Problem to solve
Would you print the lines below exactly, beginning at the line that has "bentley HD 桌布" and stopping after the line that has "Chicken wings on"? Only those lines, and no pictures.

Extracted information
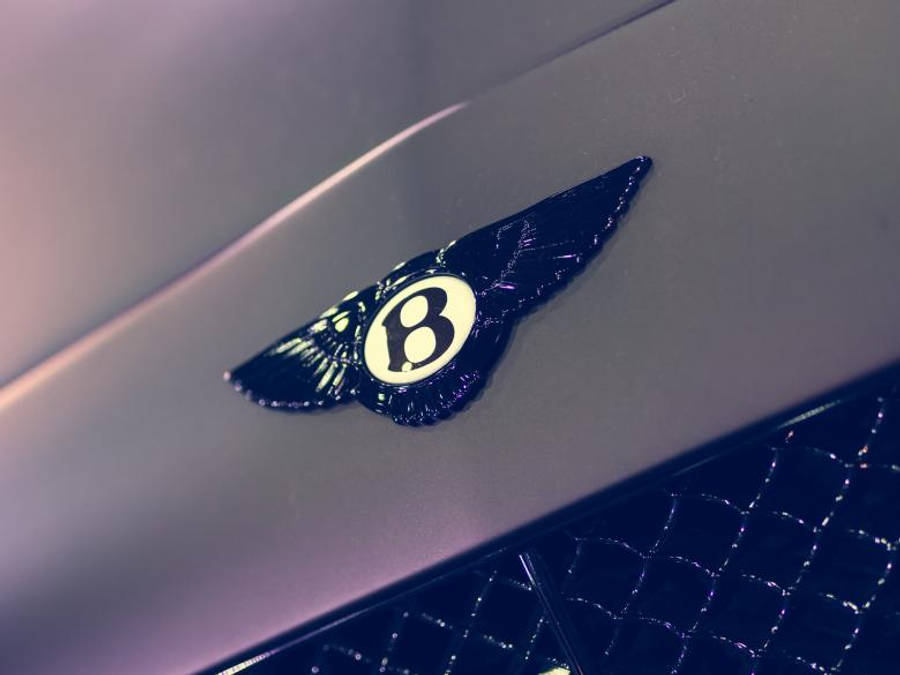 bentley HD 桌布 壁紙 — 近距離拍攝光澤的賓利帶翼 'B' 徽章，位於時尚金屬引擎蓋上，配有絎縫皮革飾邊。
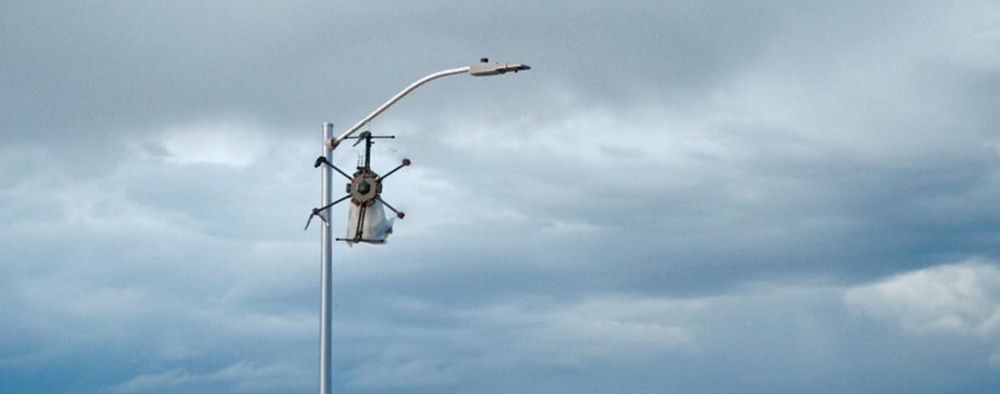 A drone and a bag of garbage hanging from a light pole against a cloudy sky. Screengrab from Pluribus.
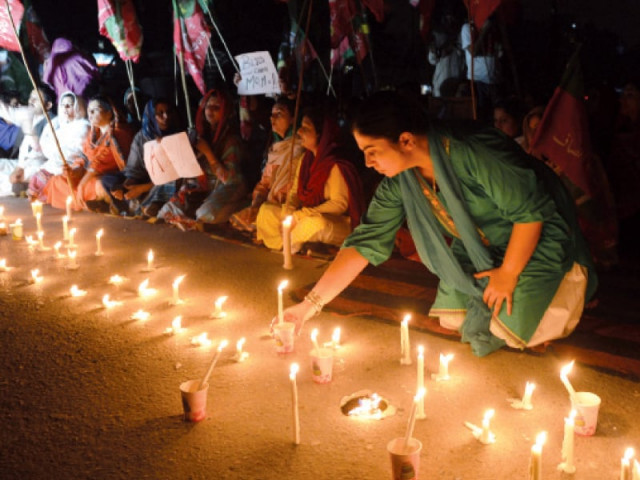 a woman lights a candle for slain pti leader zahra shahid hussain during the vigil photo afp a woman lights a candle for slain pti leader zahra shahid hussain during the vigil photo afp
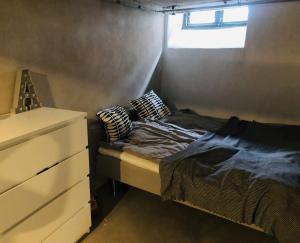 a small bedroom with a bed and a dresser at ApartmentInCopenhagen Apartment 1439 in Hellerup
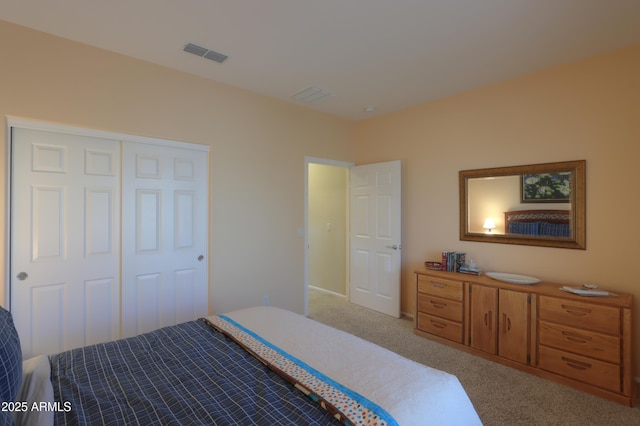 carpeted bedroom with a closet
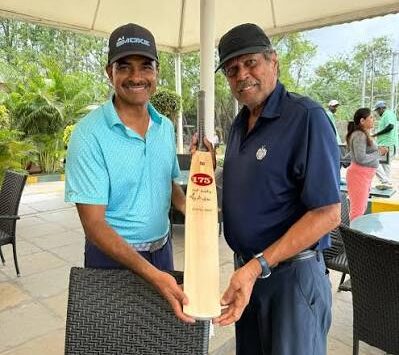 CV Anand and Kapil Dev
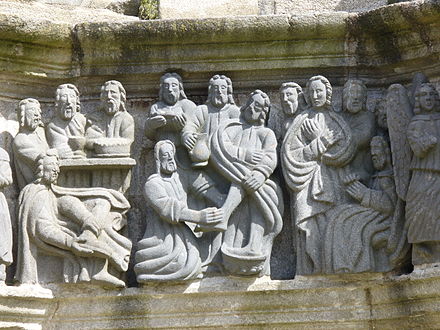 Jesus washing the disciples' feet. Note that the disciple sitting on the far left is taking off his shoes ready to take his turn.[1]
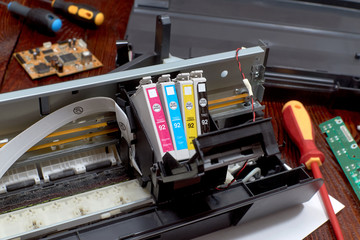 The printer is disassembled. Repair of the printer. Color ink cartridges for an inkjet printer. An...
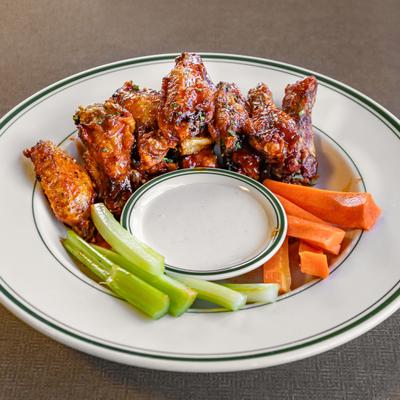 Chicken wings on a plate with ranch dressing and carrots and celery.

...

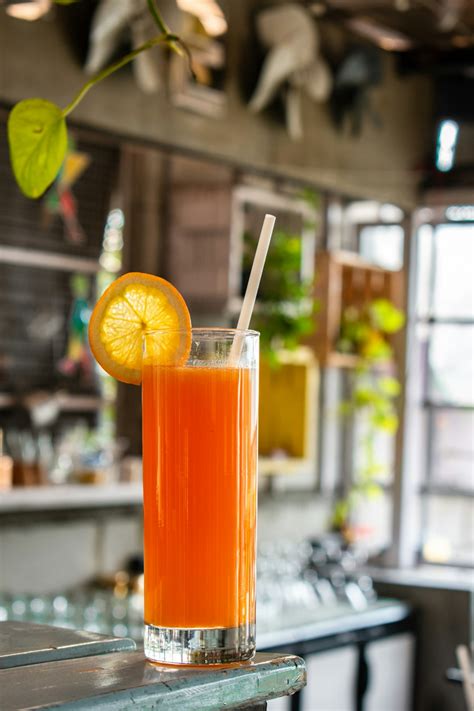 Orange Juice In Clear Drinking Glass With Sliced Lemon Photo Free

Reply
 bentley HD 桌布 壁紙 — 近距離拍攝光澤的賓利帶翼 'B' 徽章，位於時尚金屬引擎蓋上，配有絎縫皮革飾邊。
 A drone and a bag of garbage hanging from a light pole against a cloudy sky. Screengrab from Pluribus.
 a woman lights a candle for slain pti leader zahra shahid hussain during the vigil photo afp a woman lights a candle for slain pti leader zahra shahid hussain during the vigil photo afp
 a small bedroom with a bed and a dresser at ApartmentInCopenhagen Apartment 1439 in Hellerup
 carpeted bedroom with a closet
 CV Anand and Kapil Dev
 Jesus washing the disciples' feet. Note that the disciple sitting on the far left is taking off his shoes ready to take his turn.[1]
 The printer is disassembled. Repair of the printer. Color ink cartridges for an inkjet printer. An...
 Chicken wings on a plate with ranch dressing and carrots and celery.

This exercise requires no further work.